● WORK REQUIRED:
What you should give back is every line from the one containing "Serhou Guirassy beklagt" through the last line of the records below, word for word and without pictures.

● DATASET:
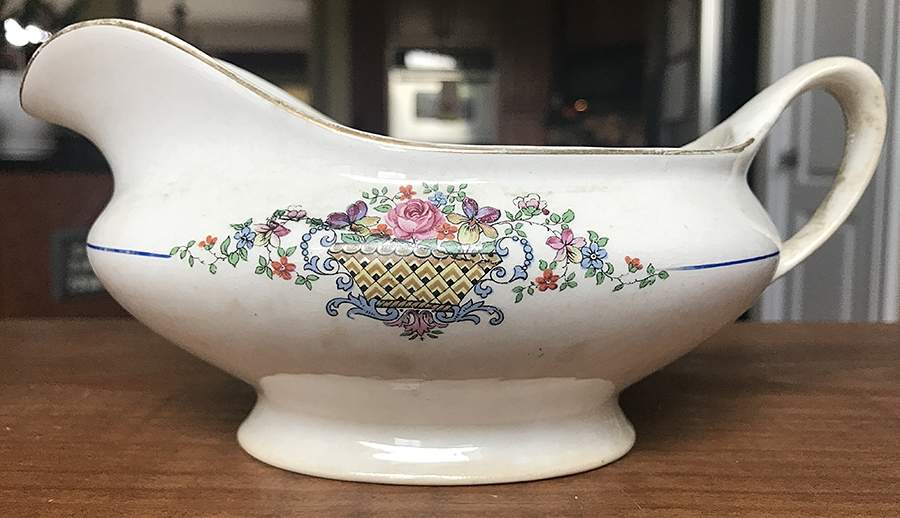 GEO115 Gravy Boat by WS George-1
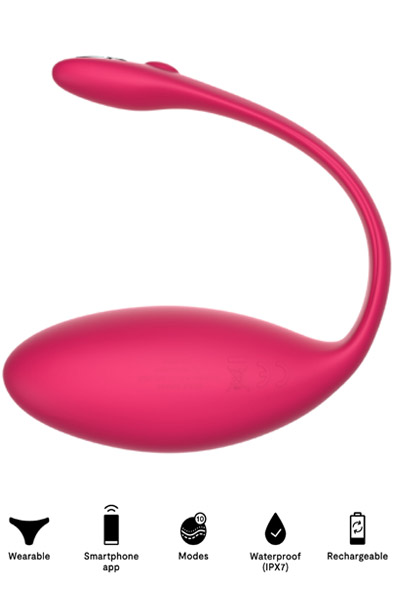 We-Vibe Jive Pink Vibrerande ägg |  | Intimast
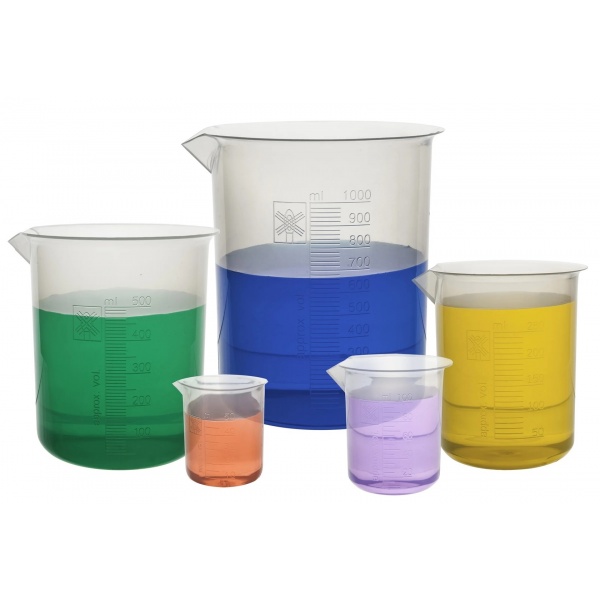Pahar tip Berzelius din Polipropilena - 5000 ml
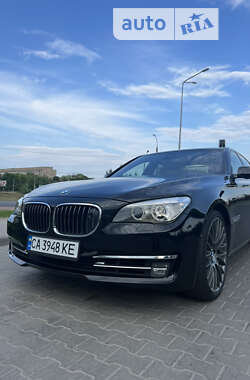 BMW 7 Series 2013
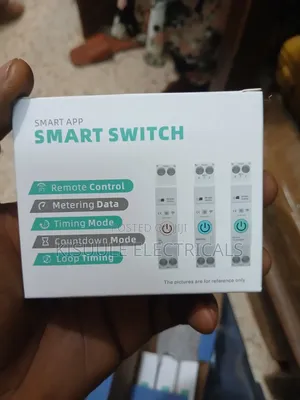 Smart Wifi Switch MCB 2pole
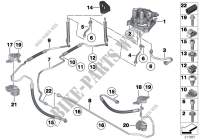 Valve block and add on parts/Dyn.Drive for BMW 650i 2011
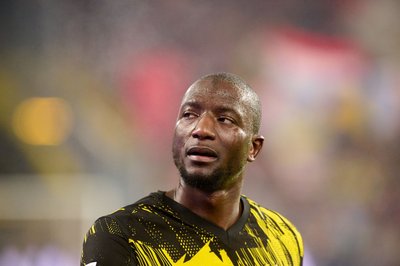 Serhou Guirassy beklagt anonyme Beleidigungen im Internet. (Archivbild) 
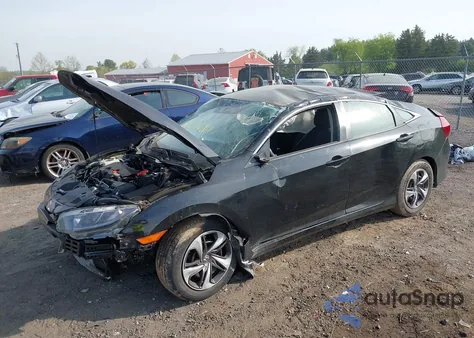 2020 Honda Civic Lx from USA, damaged, VIN 2HGFC2F62LH589014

● THE COMPLETED TASK:
 Serhou Guirassy beklagt anonyme Beleidigungen im Internet. (Archivbild) 
 2020 Honda Civic Lx from USA, damaged, VIN 2HGFC2F62LH589014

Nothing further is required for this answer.